+++ Source records

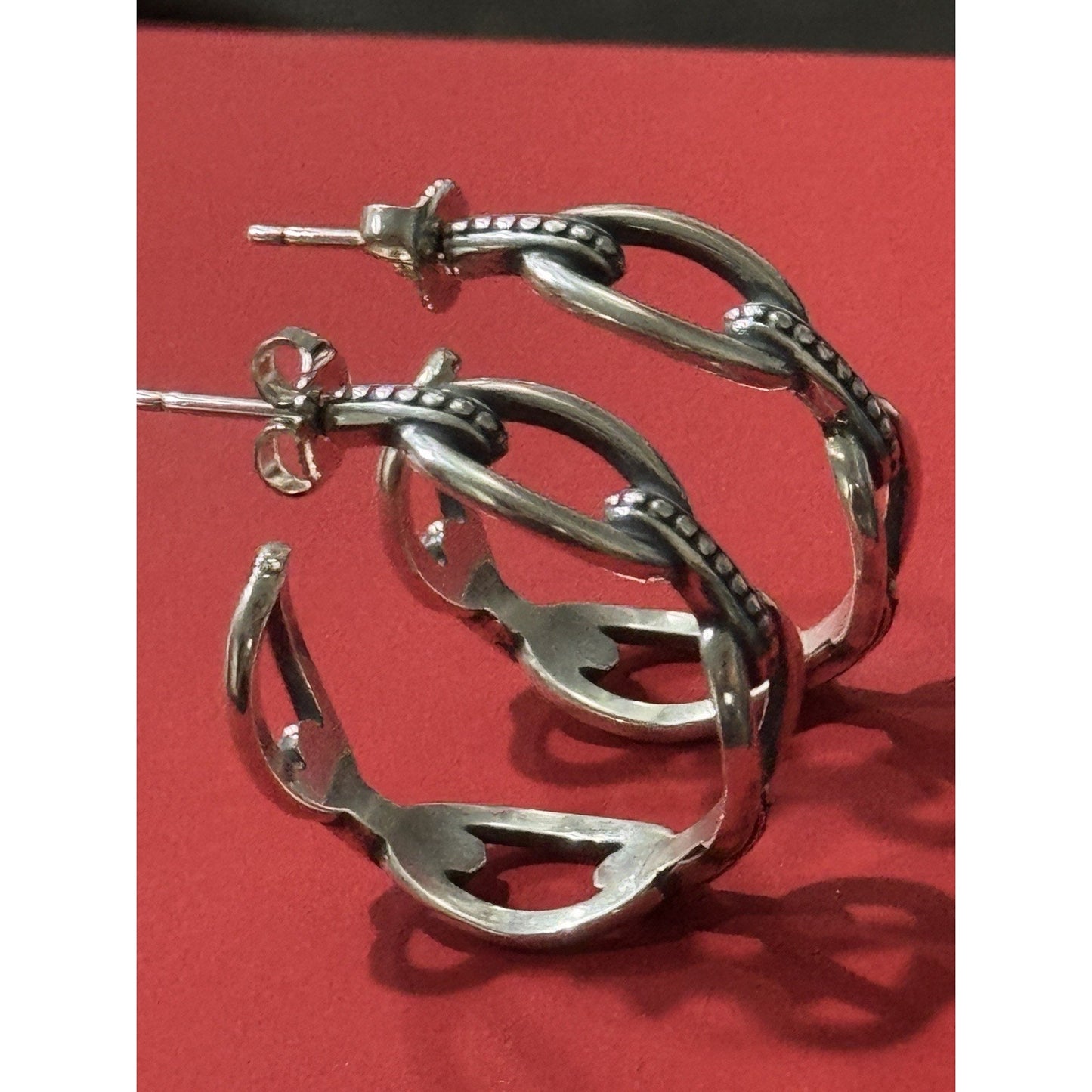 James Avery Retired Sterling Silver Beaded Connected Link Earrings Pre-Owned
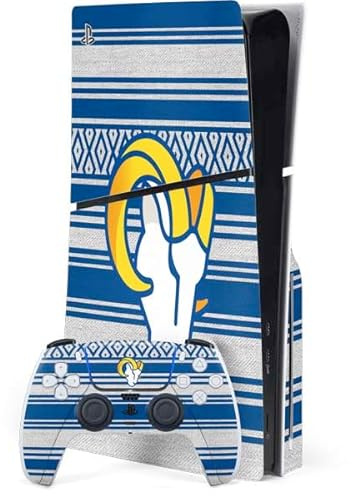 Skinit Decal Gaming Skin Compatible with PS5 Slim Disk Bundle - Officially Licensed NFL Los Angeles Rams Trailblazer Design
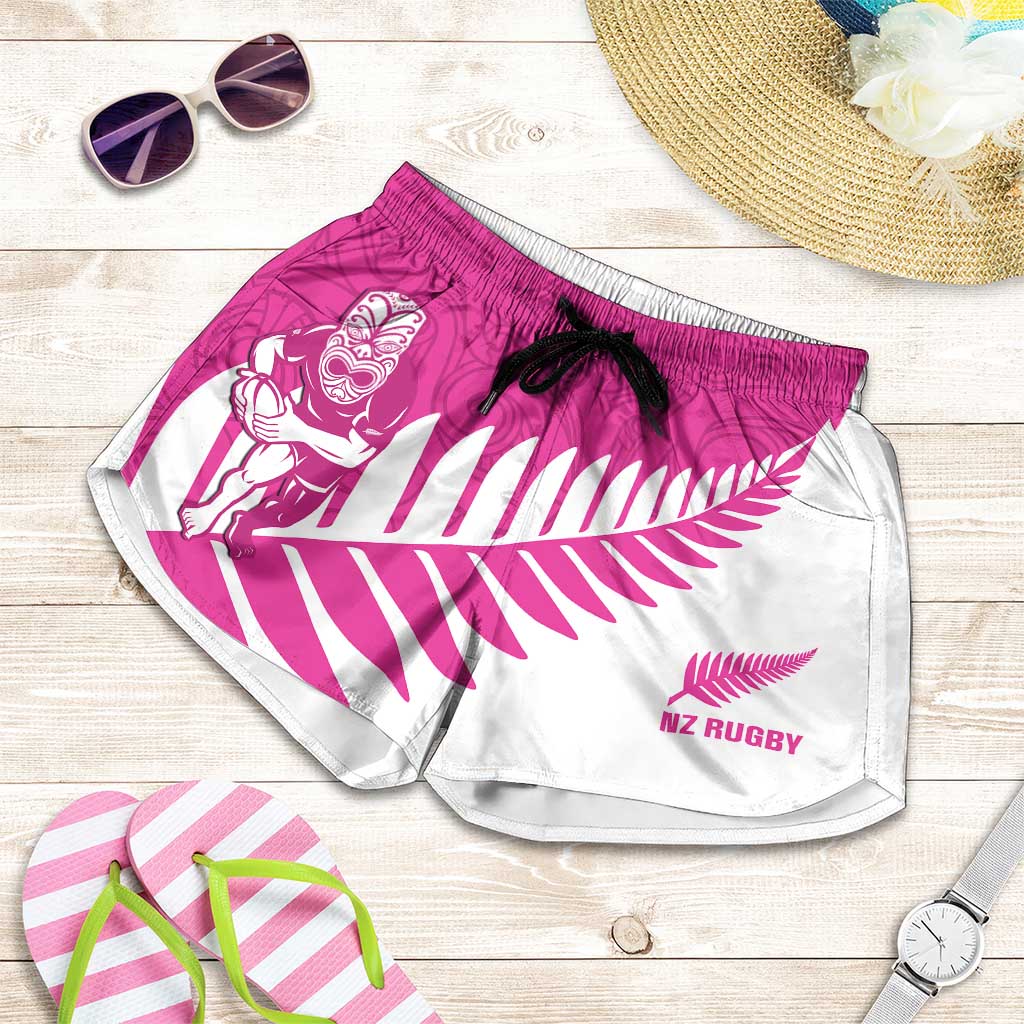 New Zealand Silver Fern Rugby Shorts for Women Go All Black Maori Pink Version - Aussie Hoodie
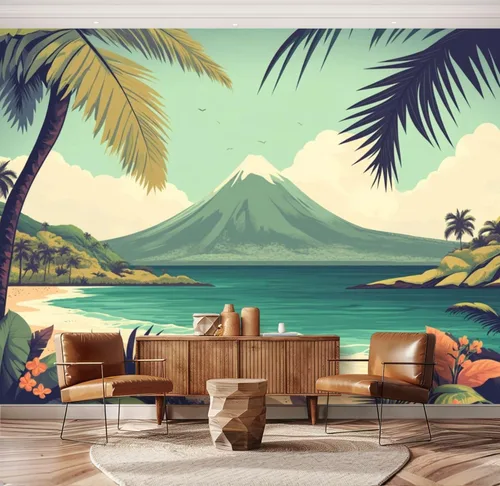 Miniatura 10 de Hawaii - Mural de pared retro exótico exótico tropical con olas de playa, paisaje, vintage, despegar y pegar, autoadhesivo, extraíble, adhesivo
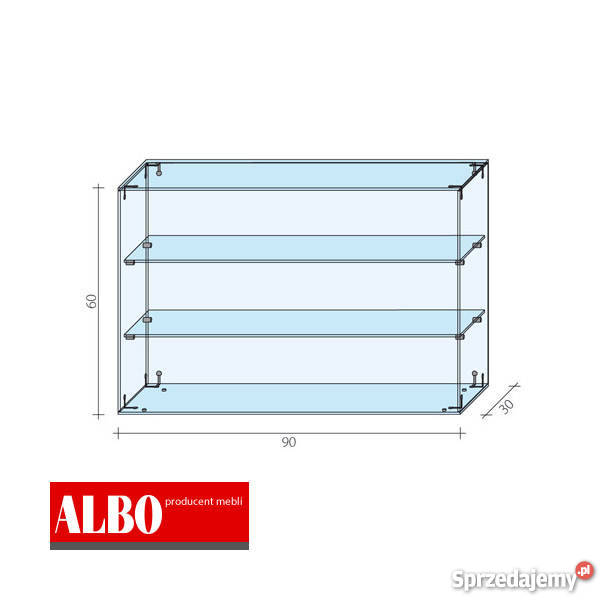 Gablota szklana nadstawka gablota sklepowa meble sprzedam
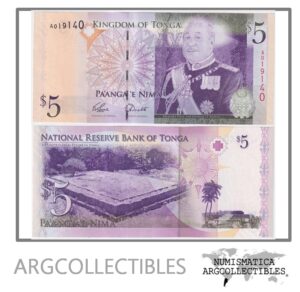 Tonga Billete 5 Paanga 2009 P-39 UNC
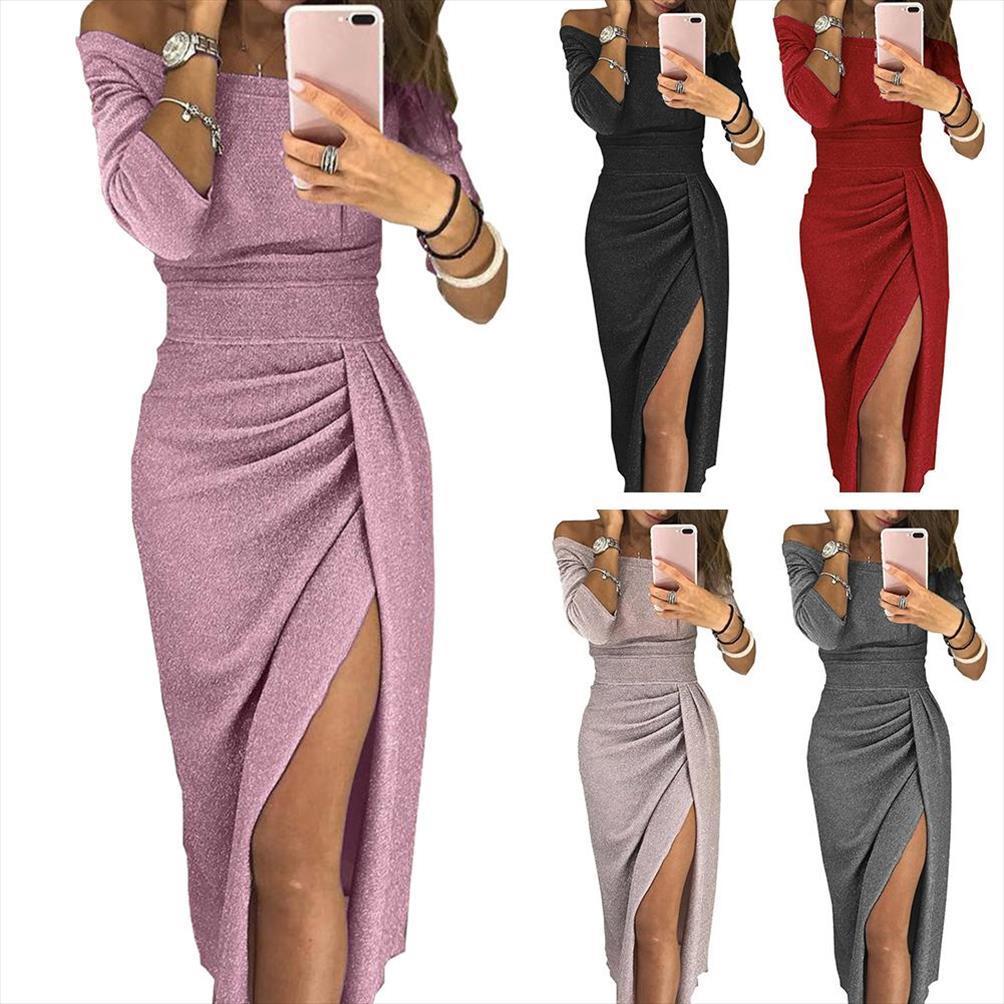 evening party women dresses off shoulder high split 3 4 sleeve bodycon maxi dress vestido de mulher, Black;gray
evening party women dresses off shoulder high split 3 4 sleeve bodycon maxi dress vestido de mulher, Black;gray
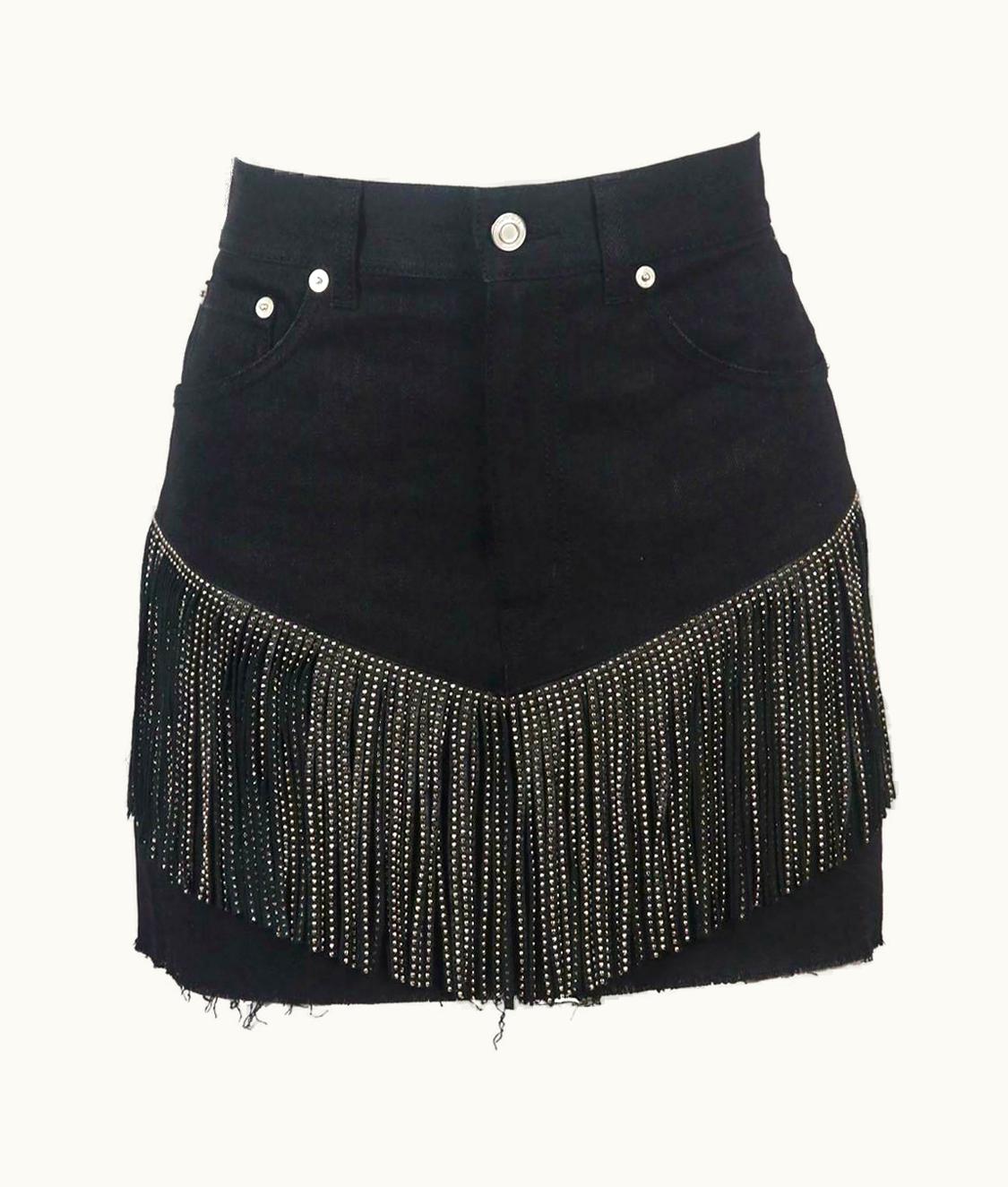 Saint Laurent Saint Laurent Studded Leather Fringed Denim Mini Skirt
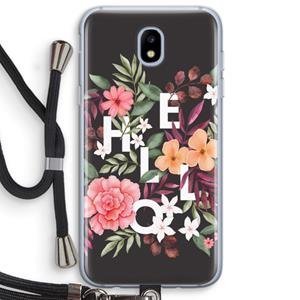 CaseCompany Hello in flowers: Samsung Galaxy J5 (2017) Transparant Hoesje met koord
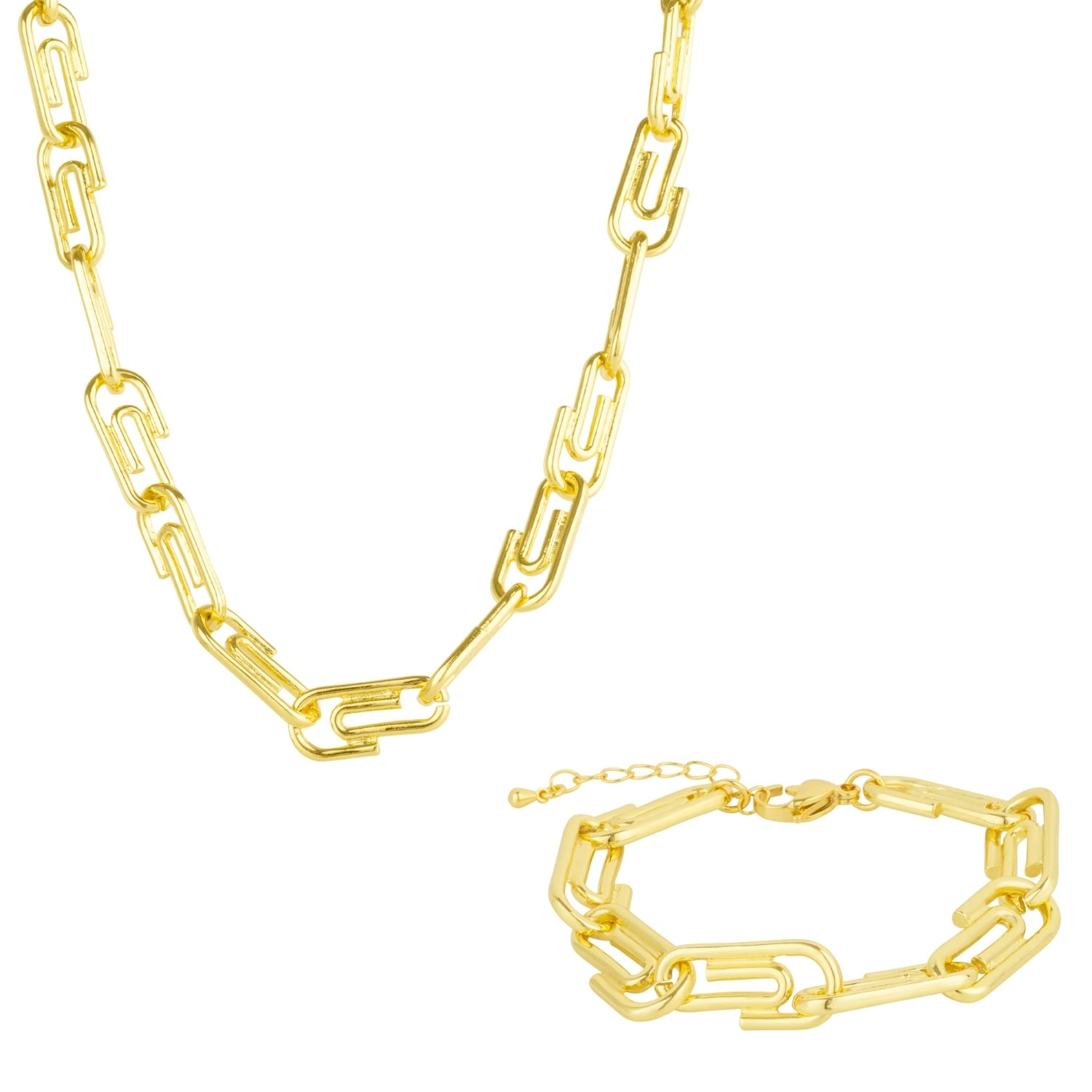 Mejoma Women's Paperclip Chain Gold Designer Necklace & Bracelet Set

++++++

— The problem —
What's needed is an exact copy of every entry, free of pictures.

— Response to the task —
 James Avery Retired Sterling Silver Beaded Connected Link Earrings Pre-Owned
 Skinit Decal Gaming Skin Compatible with PS5 Slim Disk Bundle - Officially Licensed NFL Los Angeles Rams Trailblazer Design
 New Zealand Silver Fern Rugby Shorts for Women Go All Black Maori Pink Version - Aussie Hoodie
 Miniatura 10 de Hawaii - Mural de pared retro exótico exótico tropical con olas de playa, paisaje, vintage, despegar y pegar, autoadhesivo, extraíble, adhesivo
 Gablota szklana nadstawka gablota sklepowa meble sprzedam
 Tonga Billete 5 Paanga 2009 P-39 UNC
 evening party women dresses off shoulder high split 3 4 sleeve bodycon maxi dress vestido de mulher, Black;gray
evening party women dresses off shoulder high split 3 4 sleeve bodycon maxi dress vestido de mulher, Black;gray
 Saint Laurent Saint Laurent Studded Leather Fringed Denim Mini Skirt
 CaseCompany Hello in flowers: Samsung Galaxy J5 (2017) Transparant Hoesje met koord
 Mejoma Women's Paperclip Chain Gold Designer Necklace & Bracelet Set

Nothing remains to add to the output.